Entre agosto de 1791, cuando decenas de miles de esclavos se sublevaron en una volcánica explosión de indignación, y el 1 de enero de 1804, cuando Jean-Jacques Dessalines proclamó la independencia, en Haití aconteció lo inimaginable para la razón blanca eurocéntrica: una revuelta abarcadora y triunfante de esclavos negros. Esa revolución puso en jaque las tres dimensiones cruciales del régimen imperial en el Caribe: la subordinación racista de los negros, el sistema esclavista que convierte a unos seres humanos en propiedad laboral de otros y, finalmente, el derecho de Europa a regir colonialmente los destinos de tierras y poblaciones de ultramar. Racismo, esclavitud y coloniaje: esa trinidad diabólica constituyó el eje integrador del capitalismo europeo moderno. Esa fue la trilogía opresora a la que, contrario a todas las expectativas, se enfrentó victoriosa una multitud de negros esclavos hambrientos y harapientos.

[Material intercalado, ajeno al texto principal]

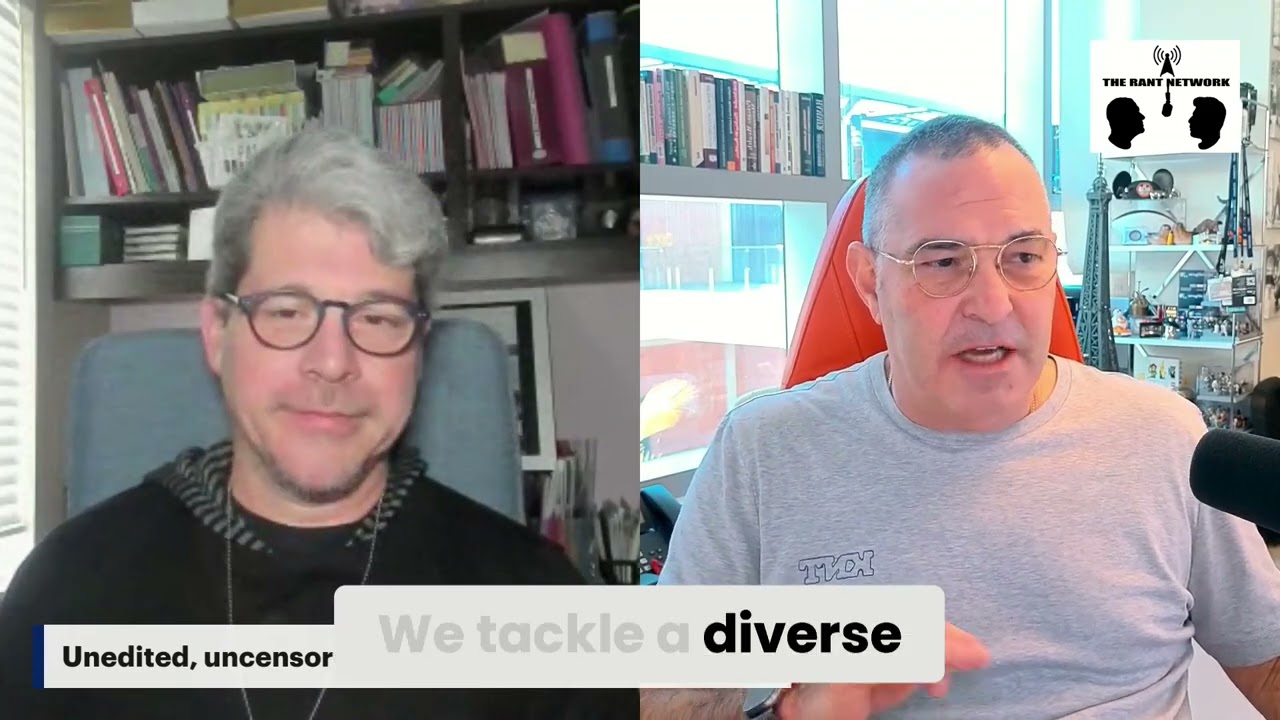 Unfiltered Opinions: The Rant Network Podcast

Las decenas de miles de aguerridos soldados franceses enviados por Napoleón bajo el mando de su yerno, el general Charles Victor Emmanuel Leclerc, victoriosos en los campos de batalla europeos, no fueron capaces de doblegar el arrojo e ímpetu de libertad de los haitianos insurrectos. Para los franceses la cuestión en disputa bélica era la preservación del dominio imperial de un territorio caribeño y de un sistema esclavista de producción que beneficiaba sus intereses económicos. Para los negros insurrectos se trataba de algo de mayor valor: resguardar su derecho absoluto a la libertad, no como dádiva de sus amos, sino como fruto de sus propios afanes emancipadores. Por defender ese derecho a la libertad y plena ciudadanía, afirmado en teoría por la famosa Declaración de los derechos del hombre y el ciudadano (1789), documento insignia de la revolución francesa, pero negado por las armas francesas en el aciago campo de batalla caribeño, los esclavos de Saint-Domingue pelearon arduamente y finalmente triunfaron.

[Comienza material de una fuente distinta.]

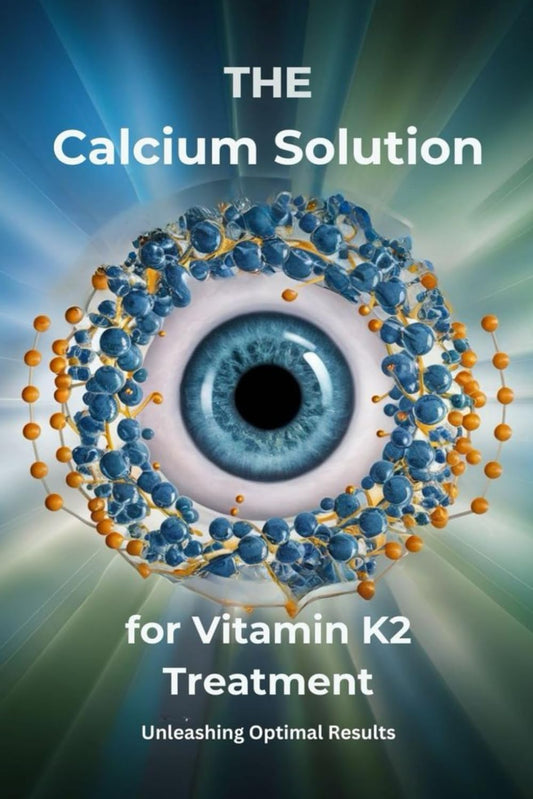 Optimize Results with Vitamin K2 Calcium Solution for Better Health
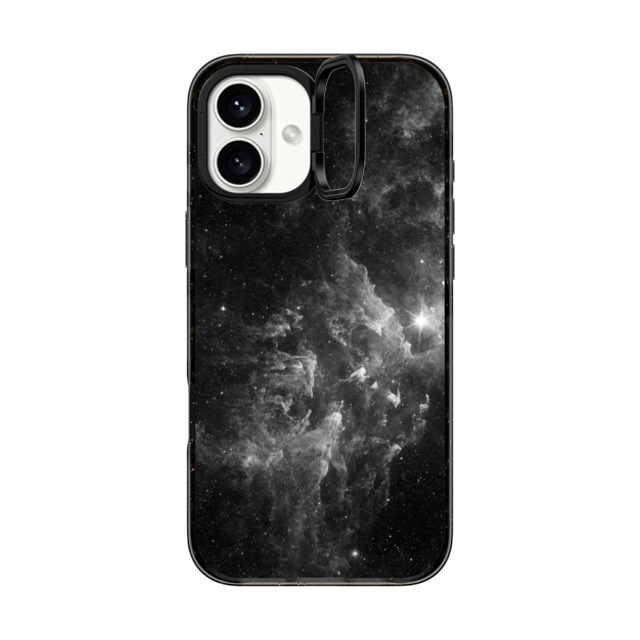 Organic Saturation x CASETiFY iPhone 16 Plus ケース Space,Monochrome ブラック インパクトリングスタンドケース MagSafe対応 Black Space Marble Father's Day Organic Saturation x CASETiFY iPhone 16 Plus ケース Space,Monochrome ブラック インパクトリングスタンドケース MagSafe対応 Black Space Marble Father's Day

Para culminar esa victoria sobre la triple opresión del racismo, la esclavitud y el coloniaje, los insurrectos asumieron el pleno control de su existencia ejerciendo el derecho a nombrar su tierra. En 1804 Saint-Domingue dejó de existir. La tierra caribeña que padeció la colonización europea inicial con el nombre impuesto de La Española y que luego los franceses bautizaron Saint-Domingue, adquirió, en homenaje a los indígenas arahuacos antillanos, los primeros en sufrir y morir a causa de la codicia imperial, el nombre que aún le distingue: Haití. La libertad culmina en la facultad de forjar la identidad propia. Con ese su nombre propio nació la primera república negra en América.

Pero no terminó ahí la ordalía de los afrocaribeños haitianos insurrectos. Las naciones poderosas de principios del siglo diecinueve, unidas en santa alianza contra quienes intentasen desafiar las jerarquías sociales tradicionales, fueron incapaces, a pesar del cristianismo que todas ellas profesaban, de tolerar, mucho menos reconocer y perdonar, la más contundente sublevación contra su dominio imperial. Haití tenía que ser ferozmente castigada.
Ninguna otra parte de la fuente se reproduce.